Marpol regulations regarding discharge of oil in sea water are becoming stringent day by day. For this purpose Oily water seperators have become compulsory on all types of ships. OWS is used to treat the oil-water mixture from bilge spaces (read about bilge water here), oil tanks or any compartment in the ship which has accumulated water, before discharging it to the sea. According to one of the annexure of Marpol, water that has to be discharged should contain less than 15 parts per million of oil. OWS is used to attain this.
Almost all OWS use gravity system for the separation of water from oil. This method allows the system to bring down the PPM (parts per million) number to 100, which is not enough. For this purpose, all OWS are equipped with a filtration system to bring down the PPM level. The PPM is measured with an instrument which is similar in working to the Salinometer used to check salt ppm.
In this article we will learn about the working of such an oily water separator which has two units- A separator unit and a filtrating unit.

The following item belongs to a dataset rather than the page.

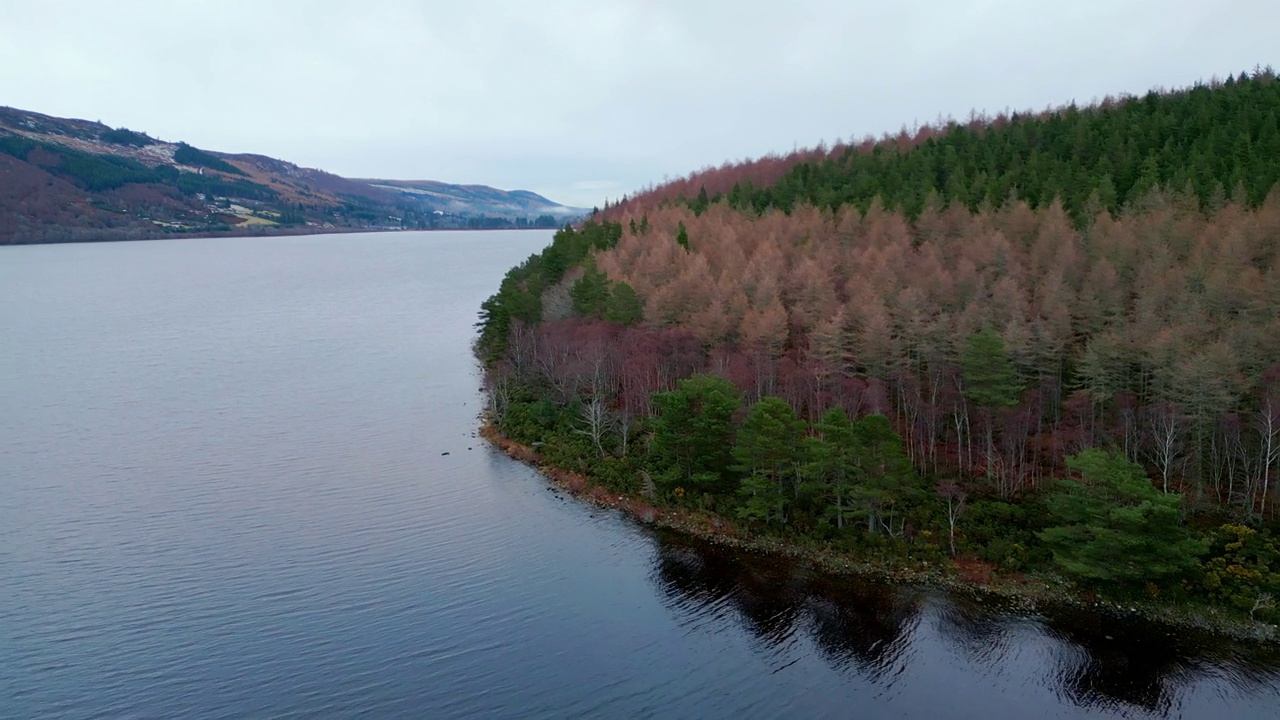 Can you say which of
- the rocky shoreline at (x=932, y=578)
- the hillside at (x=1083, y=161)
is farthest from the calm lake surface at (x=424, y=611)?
the hillside at (x=1083, y=161)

Construction and working- The separator unit
The Separator unit itself consists of two parts. The first part consists of a coarse separating compartment with an inlet for the oil-water mixture. The oily water mixture enters the compartment through the inlet pipe.Some of the oil molecules due to their lower density will separate and rise to the top of the mixture into an oil collecting compartment.

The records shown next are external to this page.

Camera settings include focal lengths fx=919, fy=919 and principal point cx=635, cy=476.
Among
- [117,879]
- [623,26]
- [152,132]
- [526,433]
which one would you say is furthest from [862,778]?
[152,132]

The remaining oil leaves the compartment, from an outlet provided at the bottom of the chamber to the second part which is a fine separating compartment. This compartment has stationary catch plates arrangement fixed at the center of the compartment as shown in the figure. The oil mixture flows slowly between the catch plates. The oil from the mixture will stick to the underside of the catch plates and slowly move outwards to rise at the top of the mixture and gets collected in an oil collecting space.
The clean water which has PPM of around 100, flushes out of the compartment through a pipe attached at the center of the compartment. All the oil collecting compartments are provided with heating coils or a steam inlets for heating the oil to facilitate a free flow. The air produced is released through a vent provided at the top of the compartment. The mixture is then passed to the filteration unit.

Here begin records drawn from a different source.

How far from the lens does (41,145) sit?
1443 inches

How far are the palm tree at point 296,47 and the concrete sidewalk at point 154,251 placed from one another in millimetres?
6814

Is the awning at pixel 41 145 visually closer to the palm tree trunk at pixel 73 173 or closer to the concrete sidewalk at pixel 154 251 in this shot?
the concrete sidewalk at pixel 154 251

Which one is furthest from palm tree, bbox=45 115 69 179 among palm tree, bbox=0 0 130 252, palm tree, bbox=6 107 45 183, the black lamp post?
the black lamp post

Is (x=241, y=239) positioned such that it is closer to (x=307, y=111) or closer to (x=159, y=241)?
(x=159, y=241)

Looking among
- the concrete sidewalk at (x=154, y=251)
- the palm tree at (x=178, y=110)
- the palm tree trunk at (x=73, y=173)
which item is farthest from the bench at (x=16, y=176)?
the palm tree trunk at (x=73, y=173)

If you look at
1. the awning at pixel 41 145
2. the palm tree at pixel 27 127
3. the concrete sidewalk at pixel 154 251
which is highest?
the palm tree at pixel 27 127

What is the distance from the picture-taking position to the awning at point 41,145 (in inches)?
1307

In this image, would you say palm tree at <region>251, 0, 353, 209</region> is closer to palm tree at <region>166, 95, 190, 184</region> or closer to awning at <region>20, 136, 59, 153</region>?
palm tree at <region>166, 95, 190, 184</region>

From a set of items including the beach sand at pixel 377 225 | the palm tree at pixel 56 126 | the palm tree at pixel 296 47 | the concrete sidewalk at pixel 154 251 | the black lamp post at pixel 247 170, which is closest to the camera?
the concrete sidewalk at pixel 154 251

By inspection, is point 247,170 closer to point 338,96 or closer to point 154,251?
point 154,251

Construction and working - The filtrating unit
The water that comes out of the separating unit generally has a PPM level of 100 or less. To reduce the PPM level, it is passed to the filtrating unit. The filtrating unit also consists of two stages.
When the water enters the first stage, solid particles and physical impurities are removed with the help of filter units. These impurities settle at the bottom of the compartment and are removed later. The water then passes through the second stage for complete removal of oil. The second stage uses coalescer inserts to achieve this. Coaslescer induces coalescence process between the oil particles. Due to this process the surface tension between the oil molecules in the mixture breaks down which makes them to stick together to form larger molecules. This large oil molecules then rise to the top of the mixture to get collected in the collecting chamber.
The collecting chamber is emptied as and when require. The filter units are to be changed generally once a week. The OSW system is fixed with a PPM monitoring device which keeps a continuous check on the discharged water's PPM level. The system raises an alarm, in case the PPM level goes above 15.
According to Marpol, this PPM monitoring device is also compulsory on ship along with the OWS.